Kur’an Kursları öğrencileri, “15 Temmuz’u Anmak ve İhaneti Anlamak” temalı gösteriler sergiledi

A
A
A
Kur’an Kursları öğrencileri, “15 Temmuz’u Anmak ve İhaneti Anlamak” temalı gösteriler sergiledi

Erzincan’da Kur’an Kurslarında öğrenim gören öğrenciler, “15 Temmuz’u Anmak ve İhaneti Anlamak” temalı gösteriler sergiledi.

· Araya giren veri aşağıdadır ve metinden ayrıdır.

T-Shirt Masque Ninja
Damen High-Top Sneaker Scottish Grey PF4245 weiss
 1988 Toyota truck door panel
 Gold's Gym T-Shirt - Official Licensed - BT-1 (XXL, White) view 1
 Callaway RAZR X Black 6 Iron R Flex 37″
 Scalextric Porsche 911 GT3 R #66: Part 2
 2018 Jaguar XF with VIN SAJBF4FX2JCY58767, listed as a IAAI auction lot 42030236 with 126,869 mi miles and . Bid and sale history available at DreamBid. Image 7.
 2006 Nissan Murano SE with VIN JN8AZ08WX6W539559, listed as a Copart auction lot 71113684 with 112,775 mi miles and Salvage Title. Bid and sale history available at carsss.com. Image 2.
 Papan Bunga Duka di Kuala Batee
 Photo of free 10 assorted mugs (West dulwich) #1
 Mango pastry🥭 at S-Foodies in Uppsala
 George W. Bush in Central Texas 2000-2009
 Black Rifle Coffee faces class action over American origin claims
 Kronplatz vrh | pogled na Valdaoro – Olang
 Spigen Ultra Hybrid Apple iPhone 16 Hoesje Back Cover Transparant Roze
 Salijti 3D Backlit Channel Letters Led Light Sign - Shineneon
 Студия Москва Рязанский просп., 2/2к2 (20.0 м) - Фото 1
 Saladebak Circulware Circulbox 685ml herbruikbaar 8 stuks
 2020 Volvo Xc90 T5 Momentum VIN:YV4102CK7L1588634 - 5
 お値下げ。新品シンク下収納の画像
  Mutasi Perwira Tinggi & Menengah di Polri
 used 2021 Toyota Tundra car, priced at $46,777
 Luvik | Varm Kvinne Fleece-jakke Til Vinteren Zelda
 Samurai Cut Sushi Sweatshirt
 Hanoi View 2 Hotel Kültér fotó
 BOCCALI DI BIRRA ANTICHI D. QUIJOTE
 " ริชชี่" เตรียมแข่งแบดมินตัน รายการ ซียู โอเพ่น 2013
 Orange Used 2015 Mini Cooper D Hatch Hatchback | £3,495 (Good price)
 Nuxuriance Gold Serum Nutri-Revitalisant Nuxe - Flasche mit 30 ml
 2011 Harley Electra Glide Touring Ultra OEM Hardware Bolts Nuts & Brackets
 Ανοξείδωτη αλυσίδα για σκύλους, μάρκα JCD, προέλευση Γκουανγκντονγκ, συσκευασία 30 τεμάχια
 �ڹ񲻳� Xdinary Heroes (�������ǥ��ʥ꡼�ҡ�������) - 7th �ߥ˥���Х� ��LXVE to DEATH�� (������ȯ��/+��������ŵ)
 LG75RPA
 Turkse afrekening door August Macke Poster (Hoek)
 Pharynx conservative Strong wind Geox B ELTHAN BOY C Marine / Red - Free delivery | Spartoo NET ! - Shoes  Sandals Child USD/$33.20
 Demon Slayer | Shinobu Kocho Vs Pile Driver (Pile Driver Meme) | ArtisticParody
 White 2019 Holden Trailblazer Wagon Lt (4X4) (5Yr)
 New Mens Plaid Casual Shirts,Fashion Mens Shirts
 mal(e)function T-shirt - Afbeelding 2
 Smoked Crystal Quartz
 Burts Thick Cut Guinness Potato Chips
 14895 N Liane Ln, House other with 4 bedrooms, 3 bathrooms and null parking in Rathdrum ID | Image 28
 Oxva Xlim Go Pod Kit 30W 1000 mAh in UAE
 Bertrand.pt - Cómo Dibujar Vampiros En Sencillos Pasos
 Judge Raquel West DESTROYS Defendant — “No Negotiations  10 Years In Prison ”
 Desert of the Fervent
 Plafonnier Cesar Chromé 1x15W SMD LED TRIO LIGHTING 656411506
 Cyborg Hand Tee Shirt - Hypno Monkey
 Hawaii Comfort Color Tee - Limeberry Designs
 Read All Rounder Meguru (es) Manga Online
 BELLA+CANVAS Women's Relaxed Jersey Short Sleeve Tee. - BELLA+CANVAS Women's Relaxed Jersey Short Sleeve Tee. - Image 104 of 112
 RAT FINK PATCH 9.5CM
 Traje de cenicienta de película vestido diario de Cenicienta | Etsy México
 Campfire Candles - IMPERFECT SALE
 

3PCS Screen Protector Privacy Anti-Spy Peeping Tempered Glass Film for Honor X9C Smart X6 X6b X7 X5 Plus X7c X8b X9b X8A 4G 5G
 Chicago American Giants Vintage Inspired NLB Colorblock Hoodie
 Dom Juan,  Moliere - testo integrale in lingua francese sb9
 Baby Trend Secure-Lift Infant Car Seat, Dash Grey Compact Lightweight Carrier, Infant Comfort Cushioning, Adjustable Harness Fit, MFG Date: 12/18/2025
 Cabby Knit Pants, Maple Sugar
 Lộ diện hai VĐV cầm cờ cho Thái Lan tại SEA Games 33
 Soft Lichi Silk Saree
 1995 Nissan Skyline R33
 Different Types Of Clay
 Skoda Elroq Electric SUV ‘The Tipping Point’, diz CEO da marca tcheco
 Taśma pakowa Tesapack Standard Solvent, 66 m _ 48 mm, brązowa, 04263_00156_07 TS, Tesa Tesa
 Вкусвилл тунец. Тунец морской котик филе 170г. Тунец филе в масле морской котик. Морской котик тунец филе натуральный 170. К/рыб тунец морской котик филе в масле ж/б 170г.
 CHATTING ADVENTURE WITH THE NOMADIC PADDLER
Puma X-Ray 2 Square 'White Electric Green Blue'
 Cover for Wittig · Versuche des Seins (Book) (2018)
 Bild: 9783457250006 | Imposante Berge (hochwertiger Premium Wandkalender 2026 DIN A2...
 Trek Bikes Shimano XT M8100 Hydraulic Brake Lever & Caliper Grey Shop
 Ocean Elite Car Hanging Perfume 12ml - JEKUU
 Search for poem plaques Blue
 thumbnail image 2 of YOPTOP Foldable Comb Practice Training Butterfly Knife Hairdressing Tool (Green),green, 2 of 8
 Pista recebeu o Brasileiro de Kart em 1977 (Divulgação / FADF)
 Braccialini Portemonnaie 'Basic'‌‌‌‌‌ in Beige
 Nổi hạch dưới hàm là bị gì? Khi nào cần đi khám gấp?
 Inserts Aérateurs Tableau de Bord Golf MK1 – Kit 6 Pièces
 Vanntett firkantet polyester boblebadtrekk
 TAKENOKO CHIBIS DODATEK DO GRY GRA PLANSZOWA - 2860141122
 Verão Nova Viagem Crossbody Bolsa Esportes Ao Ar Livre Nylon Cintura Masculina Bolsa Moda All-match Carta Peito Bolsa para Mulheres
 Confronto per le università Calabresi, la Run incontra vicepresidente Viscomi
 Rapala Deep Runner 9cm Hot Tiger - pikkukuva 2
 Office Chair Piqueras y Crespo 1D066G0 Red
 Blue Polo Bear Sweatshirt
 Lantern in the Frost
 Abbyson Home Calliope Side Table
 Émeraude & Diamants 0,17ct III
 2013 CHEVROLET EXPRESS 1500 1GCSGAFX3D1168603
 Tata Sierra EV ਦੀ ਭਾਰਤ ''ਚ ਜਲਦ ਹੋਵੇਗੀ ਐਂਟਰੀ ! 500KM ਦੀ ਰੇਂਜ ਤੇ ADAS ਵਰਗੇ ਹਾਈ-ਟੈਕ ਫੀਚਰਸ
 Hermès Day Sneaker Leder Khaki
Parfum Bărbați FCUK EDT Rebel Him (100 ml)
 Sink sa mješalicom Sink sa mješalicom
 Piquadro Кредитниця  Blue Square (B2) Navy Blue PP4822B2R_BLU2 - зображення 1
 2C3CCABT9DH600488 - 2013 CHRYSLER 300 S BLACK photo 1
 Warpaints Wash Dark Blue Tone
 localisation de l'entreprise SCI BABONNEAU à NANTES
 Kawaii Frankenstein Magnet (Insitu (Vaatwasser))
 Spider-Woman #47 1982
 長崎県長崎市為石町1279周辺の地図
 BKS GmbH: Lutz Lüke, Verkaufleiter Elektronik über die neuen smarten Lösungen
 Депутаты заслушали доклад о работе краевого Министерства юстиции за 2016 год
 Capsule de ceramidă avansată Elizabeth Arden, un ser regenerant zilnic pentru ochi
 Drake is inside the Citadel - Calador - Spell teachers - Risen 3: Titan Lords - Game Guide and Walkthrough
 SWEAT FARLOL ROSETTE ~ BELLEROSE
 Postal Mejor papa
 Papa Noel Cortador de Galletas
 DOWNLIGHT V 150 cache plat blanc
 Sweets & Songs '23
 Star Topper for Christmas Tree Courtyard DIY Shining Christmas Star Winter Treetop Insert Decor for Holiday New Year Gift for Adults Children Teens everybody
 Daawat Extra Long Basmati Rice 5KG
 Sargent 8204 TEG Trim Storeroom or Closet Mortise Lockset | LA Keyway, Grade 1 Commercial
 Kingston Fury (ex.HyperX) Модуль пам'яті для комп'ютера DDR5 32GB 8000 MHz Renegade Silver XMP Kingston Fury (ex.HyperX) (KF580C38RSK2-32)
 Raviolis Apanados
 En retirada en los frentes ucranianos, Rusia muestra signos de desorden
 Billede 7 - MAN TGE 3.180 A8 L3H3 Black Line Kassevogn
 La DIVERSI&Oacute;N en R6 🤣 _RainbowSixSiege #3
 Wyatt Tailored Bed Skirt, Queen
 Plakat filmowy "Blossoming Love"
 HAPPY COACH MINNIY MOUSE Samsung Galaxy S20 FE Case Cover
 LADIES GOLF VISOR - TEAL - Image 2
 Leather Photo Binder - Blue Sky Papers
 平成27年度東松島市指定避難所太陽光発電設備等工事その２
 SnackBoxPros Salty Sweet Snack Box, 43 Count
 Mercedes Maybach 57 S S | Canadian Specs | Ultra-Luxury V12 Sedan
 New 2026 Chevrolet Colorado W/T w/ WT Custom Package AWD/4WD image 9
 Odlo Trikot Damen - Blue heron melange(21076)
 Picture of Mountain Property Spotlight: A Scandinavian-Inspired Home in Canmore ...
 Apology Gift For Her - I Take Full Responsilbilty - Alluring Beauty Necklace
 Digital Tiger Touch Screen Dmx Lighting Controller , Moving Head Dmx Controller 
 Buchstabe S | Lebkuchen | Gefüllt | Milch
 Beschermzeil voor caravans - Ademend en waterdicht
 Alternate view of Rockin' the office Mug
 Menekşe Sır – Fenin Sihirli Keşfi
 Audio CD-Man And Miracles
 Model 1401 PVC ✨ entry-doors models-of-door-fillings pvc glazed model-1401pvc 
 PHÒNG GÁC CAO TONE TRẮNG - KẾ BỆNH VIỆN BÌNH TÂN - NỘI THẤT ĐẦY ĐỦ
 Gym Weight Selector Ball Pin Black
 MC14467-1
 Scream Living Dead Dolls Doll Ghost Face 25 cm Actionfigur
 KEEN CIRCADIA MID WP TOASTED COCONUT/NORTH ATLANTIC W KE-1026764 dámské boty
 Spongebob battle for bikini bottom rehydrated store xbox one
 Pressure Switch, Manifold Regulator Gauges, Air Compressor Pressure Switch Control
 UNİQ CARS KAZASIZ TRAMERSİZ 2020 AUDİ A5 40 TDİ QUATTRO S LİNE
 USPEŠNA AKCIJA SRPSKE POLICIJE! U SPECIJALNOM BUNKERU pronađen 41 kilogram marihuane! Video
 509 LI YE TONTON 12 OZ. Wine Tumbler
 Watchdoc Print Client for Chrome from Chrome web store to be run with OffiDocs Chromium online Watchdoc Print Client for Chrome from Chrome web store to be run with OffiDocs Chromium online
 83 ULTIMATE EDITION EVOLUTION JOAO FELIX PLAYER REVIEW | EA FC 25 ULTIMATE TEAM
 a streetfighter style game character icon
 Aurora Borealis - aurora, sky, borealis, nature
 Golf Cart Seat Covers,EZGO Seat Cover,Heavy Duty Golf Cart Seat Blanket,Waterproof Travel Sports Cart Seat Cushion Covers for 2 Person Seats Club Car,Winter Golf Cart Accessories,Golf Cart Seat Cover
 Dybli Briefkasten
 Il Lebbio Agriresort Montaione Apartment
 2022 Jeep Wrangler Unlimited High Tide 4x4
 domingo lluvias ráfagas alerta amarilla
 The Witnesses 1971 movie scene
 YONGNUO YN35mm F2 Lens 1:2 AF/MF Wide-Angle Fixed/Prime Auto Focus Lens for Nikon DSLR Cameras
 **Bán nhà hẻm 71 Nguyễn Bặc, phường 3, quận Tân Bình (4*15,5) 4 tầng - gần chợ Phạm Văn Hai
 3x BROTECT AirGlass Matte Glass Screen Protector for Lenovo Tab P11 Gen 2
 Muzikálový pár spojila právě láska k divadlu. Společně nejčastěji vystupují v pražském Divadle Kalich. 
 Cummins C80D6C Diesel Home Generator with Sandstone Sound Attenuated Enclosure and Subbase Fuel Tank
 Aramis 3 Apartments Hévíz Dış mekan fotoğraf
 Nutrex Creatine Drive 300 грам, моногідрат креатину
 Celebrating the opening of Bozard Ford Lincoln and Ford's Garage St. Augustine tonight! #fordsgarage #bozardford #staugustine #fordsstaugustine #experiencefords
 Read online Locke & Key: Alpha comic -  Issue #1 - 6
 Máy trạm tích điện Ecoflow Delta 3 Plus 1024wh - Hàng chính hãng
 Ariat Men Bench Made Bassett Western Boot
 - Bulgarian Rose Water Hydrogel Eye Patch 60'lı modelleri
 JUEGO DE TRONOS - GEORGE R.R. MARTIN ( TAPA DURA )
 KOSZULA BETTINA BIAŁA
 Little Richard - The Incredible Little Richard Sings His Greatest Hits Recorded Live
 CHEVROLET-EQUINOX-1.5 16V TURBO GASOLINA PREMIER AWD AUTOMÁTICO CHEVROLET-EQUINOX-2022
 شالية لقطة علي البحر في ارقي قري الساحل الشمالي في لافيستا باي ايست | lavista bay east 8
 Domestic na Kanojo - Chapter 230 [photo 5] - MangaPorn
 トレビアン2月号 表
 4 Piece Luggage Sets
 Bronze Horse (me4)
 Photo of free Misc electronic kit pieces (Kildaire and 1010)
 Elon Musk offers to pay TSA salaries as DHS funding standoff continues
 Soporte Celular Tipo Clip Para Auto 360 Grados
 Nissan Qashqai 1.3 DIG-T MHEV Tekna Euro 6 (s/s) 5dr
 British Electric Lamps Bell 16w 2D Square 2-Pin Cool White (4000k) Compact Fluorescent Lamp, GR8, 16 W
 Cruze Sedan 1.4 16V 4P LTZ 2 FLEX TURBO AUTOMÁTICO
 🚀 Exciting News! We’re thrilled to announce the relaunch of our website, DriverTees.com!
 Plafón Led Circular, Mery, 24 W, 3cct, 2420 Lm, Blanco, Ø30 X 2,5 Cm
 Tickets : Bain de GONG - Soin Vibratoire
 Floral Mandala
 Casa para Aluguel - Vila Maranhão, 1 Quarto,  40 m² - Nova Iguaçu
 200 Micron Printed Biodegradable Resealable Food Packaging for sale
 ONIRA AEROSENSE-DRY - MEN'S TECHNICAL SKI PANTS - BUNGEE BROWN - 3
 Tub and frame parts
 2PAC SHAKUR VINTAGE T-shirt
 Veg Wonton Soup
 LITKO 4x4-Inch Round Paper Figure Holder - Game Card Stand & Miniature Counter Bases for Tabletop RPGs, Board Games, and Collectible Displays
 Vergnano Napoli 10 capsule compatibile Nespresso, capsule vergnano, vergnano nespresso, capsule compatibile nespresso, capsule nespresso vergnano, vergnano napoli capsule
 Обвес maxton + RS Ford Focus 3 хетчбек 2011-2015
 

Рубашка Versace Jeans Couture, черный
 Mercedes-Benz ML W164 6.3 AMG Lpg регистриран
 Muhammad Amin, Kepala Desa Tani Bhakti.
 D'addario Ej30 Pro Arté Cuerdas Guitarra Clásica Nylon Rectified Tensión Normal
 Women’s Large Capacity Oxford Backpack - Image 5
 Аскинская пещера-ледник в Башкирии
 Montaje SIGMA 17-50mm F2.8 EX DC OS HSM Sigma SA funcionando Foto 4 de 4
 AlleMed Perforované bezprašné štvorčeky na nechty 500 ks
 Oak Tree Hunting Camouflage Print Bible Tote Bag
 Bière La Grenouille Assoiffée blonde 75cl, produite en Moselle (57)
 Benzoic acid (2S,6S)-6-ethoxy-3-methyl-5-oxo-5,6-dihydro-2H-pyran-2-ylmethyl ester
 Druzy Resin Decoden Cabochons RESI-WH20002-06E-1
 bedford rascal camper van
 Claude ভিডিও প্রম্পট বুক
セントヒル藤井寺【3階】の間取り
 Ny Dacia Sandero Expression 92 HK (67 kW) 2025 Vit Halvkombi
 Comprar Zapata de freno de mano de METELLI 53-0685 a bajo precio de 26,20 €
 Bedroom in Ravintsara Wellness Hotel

Erzincan’da Kur’an Kurslarında öğrenim gören öğrenciler, “15 Temmuz’u Anmak ve İhaneti Anlamak” temalı gösteriler sergiledi.


15 Temmuz Demokrasi ve Milli Birlik Günü etkinlikleri kapsamında Erzincan il Müftülüğü tarafından kız ve erkek yatılı Kur’an Kursu talebelerinin katılımı ile İl Müftülüğü konferans salonunda “15 Temmuz’u Anmak ve İhaneti Anlamak” temalı program düzenlendi.


Erzincan İl Müftülüğü tarafından 15 Temmuz 2016 tarihinde yaşanan acı hatıranın anısına o gün yaşananları dimağlarda daima canlı tutmak, yaşananlardan ibret almak ve hiç tereddüt etmeden canlarını vatana feda etmek üzere yollara dökülen aziz milletin gösterdiği kahramanlık destanlarını sonraki nesillere aktarmak adına Kur’an Kursu talebelerinin hazırladığı program yoğun katılımla gerçekleştirildi.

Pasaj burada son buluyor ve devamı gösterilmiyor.